#### INSTRUCTIONS TO FOLLOW:
Print the whole listing below exactly, skipping every picture.

#### RECORDED DATA:
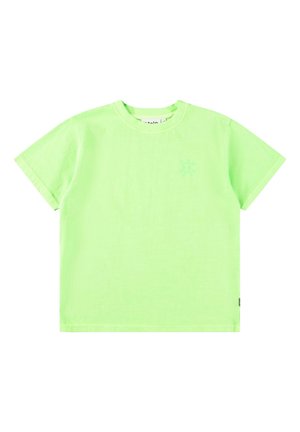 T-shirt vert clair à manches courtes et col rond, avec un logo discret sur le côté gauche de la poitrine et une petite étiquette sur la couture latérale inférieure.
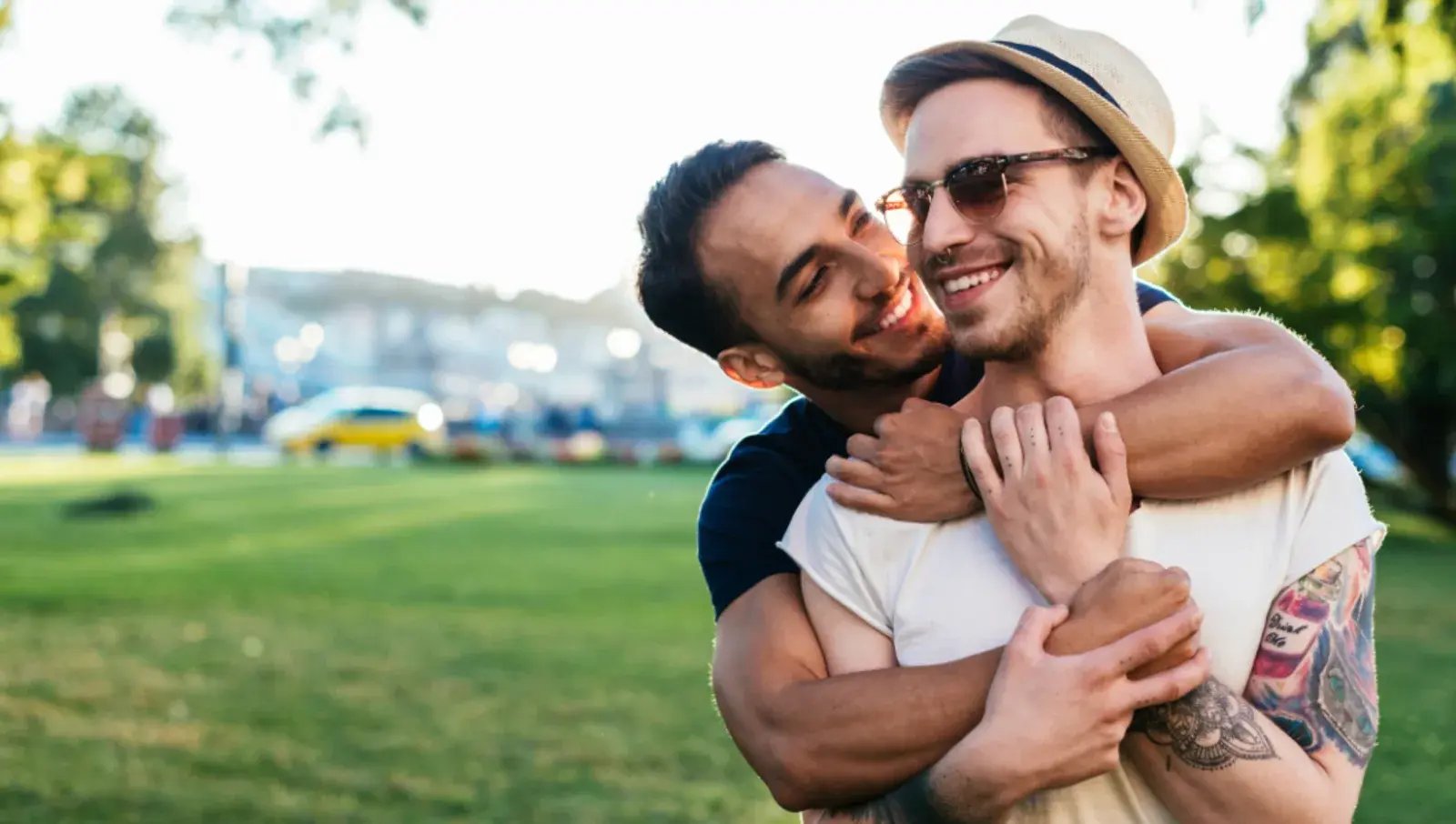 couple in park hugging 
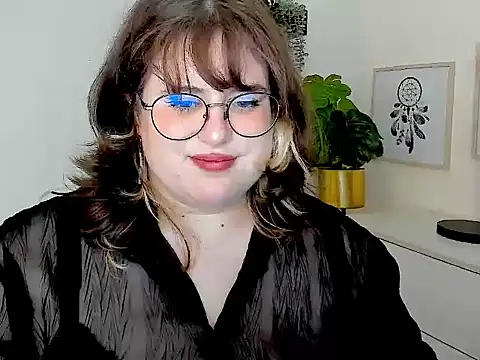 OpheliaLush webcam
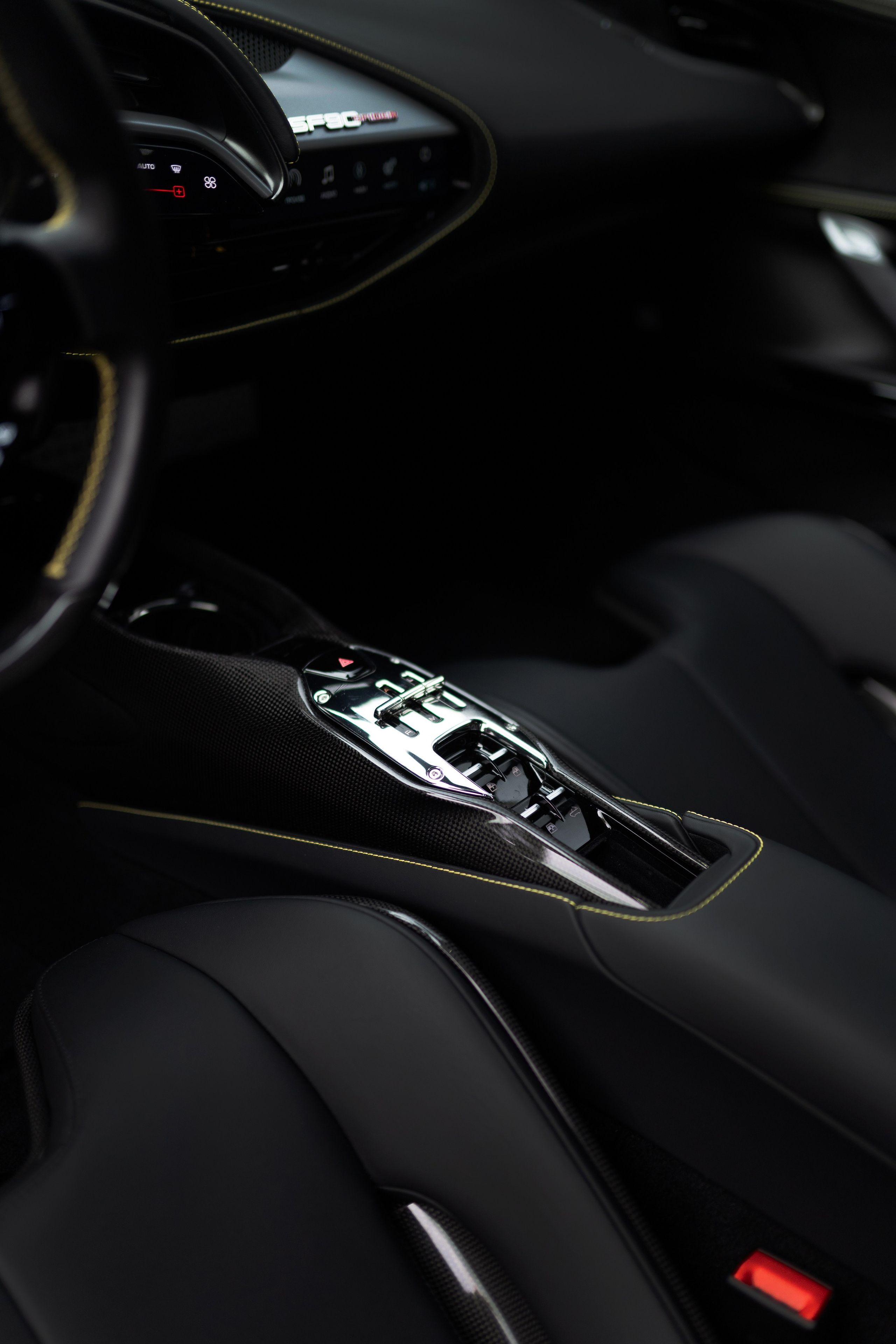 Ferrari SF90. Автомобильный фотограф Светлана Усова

#### WRITTEN SOLUTION:
 T-shirt vert clair à manches courtes et col rond, avec un logo discret sur le côté gauche de la poitrine et une petite étiquette sur la couture latérale inférieure.
 couple in park hugging 
 OpheliaLush webcam
 Ferrari SF90. Автомобильный фотограф Светлана Усова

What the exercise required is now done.